Well, if you give in to an arrangement with an expected payoff of, say, (11, 13) as you evaluate payoffs, then you're giving other agents an incentive to skew their definitions of fairness.

But it does *not *create poor incentives (AFAICT) to accept instead a bargain with an expected payoff of, say, (10, 11) which the other agent thinks is 'fair'. Though they're sad that you refused the truly fair outcome of (as you count utilons) 11, 13 and that you couldn't reach the Pareto boundary together, still, this is better than the Nash equilibrium of (8, 8). And though you think the bargain is unfair, you are not creating incentives to exploit you. By insisting on this definition of fairness, the other agent has done worse for themselves than other (12, 12). The other agent probably thinks that (10, 11) is 'unfair' slanted your way, but they likewise accept that this does not create bad incentives, since you did worse than the 'fair' outcome of (11, 13).

There could be many acceptable negotiating equilibria between what you think is the 'fair' point on the Pareto boundary, and the Nash equilibrium. So long as each step down in what you think is 'fairness' reduces the total payoff to the other agent, even if it reduces your own payoff even more. This resists exploitation and avoids creating an incentive for claiming that you have a different definition of fairness, while still holding open the possibility of some degree of cooperation with agents who honestly disagree with you about what's fair and are trying to avoid exploitation themselves.

This translates into an informal principle of negotiations: Be willing to accept unfair bargains, but only if (you make it clear) *both* sides are doing worse than what you consider to be a fair bargain.

I haven't seen this advocated before even as an informal principle of negotiations. Is it in the literature anywhere? Someone suggested Schelling might have said it, but didn't provide a chapter number.

ADDED:

Clarification 1: Yes, utilities are invariant up to a positive affine transformation so there's no canonical way to split utilities evenly. Hence the part about "Assume a magical solution N which gives us the fair division." If we knew the exact properties of how to implement this magical solution, taking it at first for magical, that might give us some idea of what N should be, too.

Clarification 2: The way this might work is that you pick a series of increasingly unfair-to-you, increasingly worse-for-the-other-player outcomes whose first element is what you deem the fair Pareto outcome: (100, 100), (98, 99), (96, 98). Perhaps stop well short of Nash if the skew becomes too extreme. Drop to Nash as the last resort. The other agent does the same, starting with their own ideal of fairness on the Pareto boundary. Unless one of you has a completely skewed idea of fairness, you should be able to meet somewhere in the middle. Both of you will do worse against a fixed opponent's strategy by unilaterally adopting more self-favoring ideas of fairness. Both of you will do worse in expectation against potentially exploitive opponents by unilaterally adopting looser ideas of fairness. This gives everyone an incentive to obey the Galactic Schelling Point and be fair about it. You should *not* be picking the descending sequence in an agent-dependent way that incentivizes, at cost to you, skewed claims about fairness.

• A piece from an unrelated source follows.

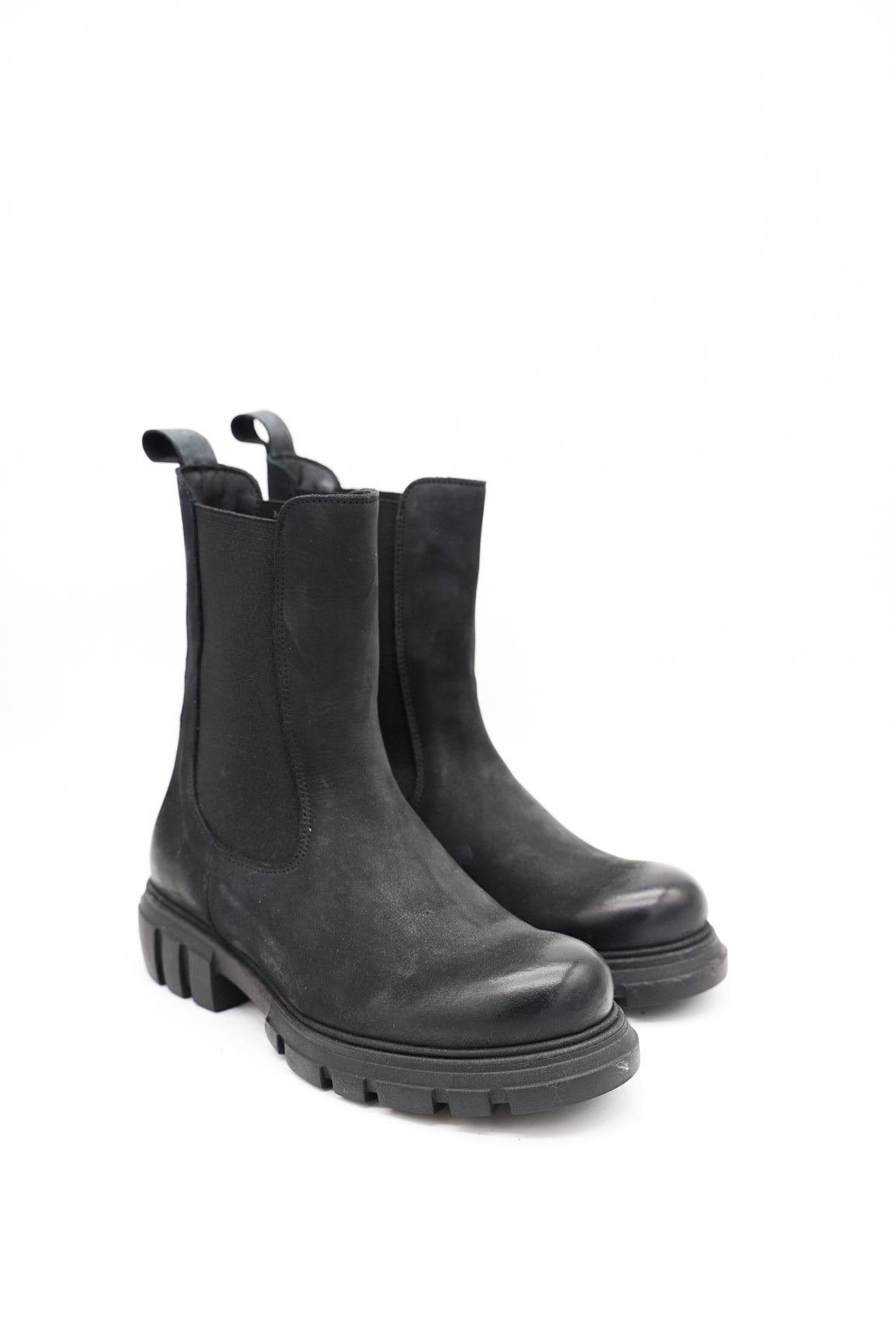 Stivaletti rock outlet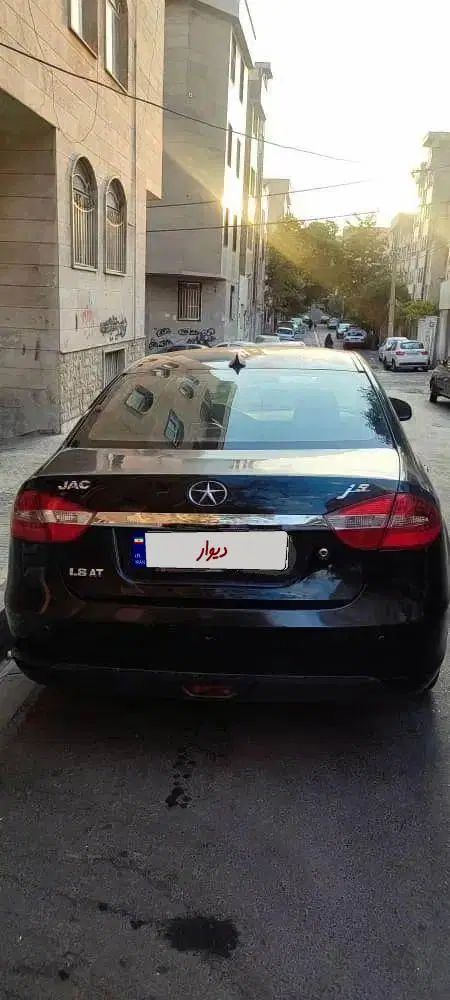 جک J5 اتوماتیک - 1393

Clarification 3: You must take into account the other agent's costs and other opportunities when ensuring that the net outcome, in terms of final utilities, is worse for them than the reward offered for 'fair' cooperation. Offering them the chance to buy half as many paperclips at a lower, less fair price, does no good if they can go next door, get the same offer again, and buy the same number of paperclips at a lower total price.